Masuknya Polandia menjadi anggota Uni Eropa pada tahun 2004 juga telah semakin mendorong kemajuan yang signifikan di semua sektor. Proses aneksasi mendorong berjalannya proses reformasi struktural dan membuka kemungkinan-kemungkinan pembangunan baru dengan dukungan dana dari Uni Eropa. Dalam proses persiapan aksesi ke Uni Eropa yang telah dilakukan sejak akhir dekade 90an, berbagai jenis reformasi pasar yang strategis telah dilakukan, antara lain reformasi peraturan untuk mendukung pergerakan barang, jasa, modal, dan manusia yang bebas, reformasi hukum persaingan usaha, dan penerapan peraturan-peraturan lain di bidang sosial dan ekologi. Sebelumnya pada tahun 1996, kesuksesan program transformasi ekonomi di Polandia juga telah diakui dengan diterimanya Polandia menjadi salah satu anggota klub negara maju, yaitu OECD (Organization for Economic Cooperation & Development).[2]
Di Indonesia, kebijakan privatisasi mengalami perdebatan panjang. Privatisasi dianggap menjual perusahaan negara yang sebelumnya ditujukan untuk pelayanan masyarakat menjadi perusahaan yang berorientasi mengejar keuntungan semata sehingga meninggalkan aspek pelayanan masyarakat yang murah dan terjangkau rakyat ekonomi menengah ke bawah. Padahal privatisasi sekali lagi ditujukan untuk semakin mengefisienkan produksi dan meningkatkan kualitas pelayanan.

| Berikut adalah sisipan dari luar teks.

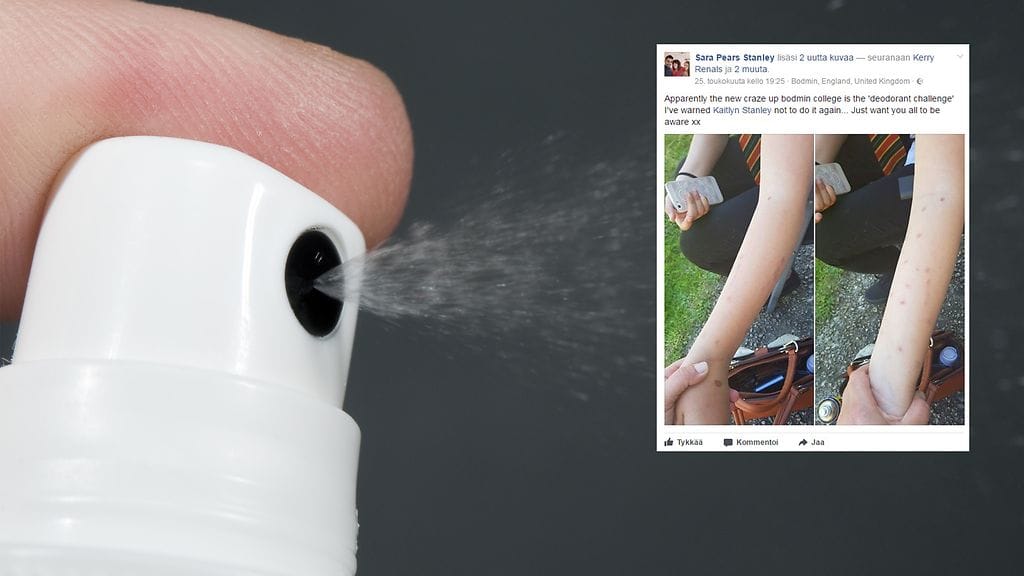 Suurina määrinä spray-deodorantti voi aiheuttaa vakaviakin ihovaurioita.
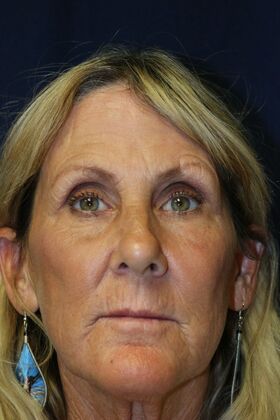 CO2 Laser Resurfacing: Case 3 - After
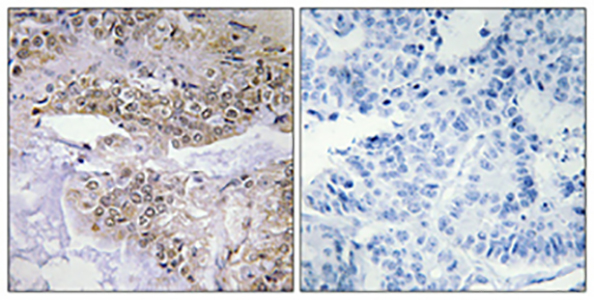Cofilin (phospho Ser3) Rabbit Polyclonal Antibody | 兔多抗 | EnkiLife恩玑生命
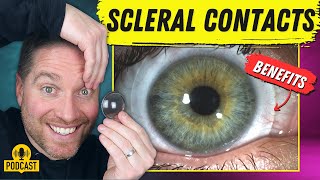 The Amazing Benefits Of Scleral Contact Lenses [upl. by Etnor]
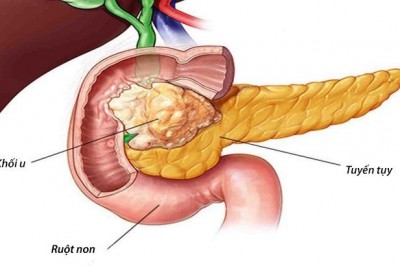 Vì sao mắc bệnh ung thư tụy khó chữa?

Pemerintah merasa perlu memprivatisasi BUMN dengan tujuan memangkas defisit anggaran. Defisit anggaran dapat ditekan dengan melepaskan saham BUMN sebagian ke tangan swasta. Saham tentu masih dipegang sebagian oleh Negara untuk memastikan swasta tidak melakukan monopoli terhadap persaingan.

Kerangka Pemikiran
Pemikiran neoklasik yang diwakilkan oleh salah satunya Adam Smith dalam bukunya the wealth of nations, berpendapat bahwa campur tangan pemerintah dalam perekonomian dapat mengurangi efisiensi produksi karena dapat merugikan negara itu sendiri yang harus mengurusi hal lain seperti penegakkan hukum dan perlindungan terhadap rakyat. [3] Friedrich A. Von Hayek juga mengatakan bahwa tindakan negara seperti memberikan subsidi, mengucurkan talangan, dan menggunakan anggaran belanja untuk kegiatan usaha justru merugikan negara itu sendiri.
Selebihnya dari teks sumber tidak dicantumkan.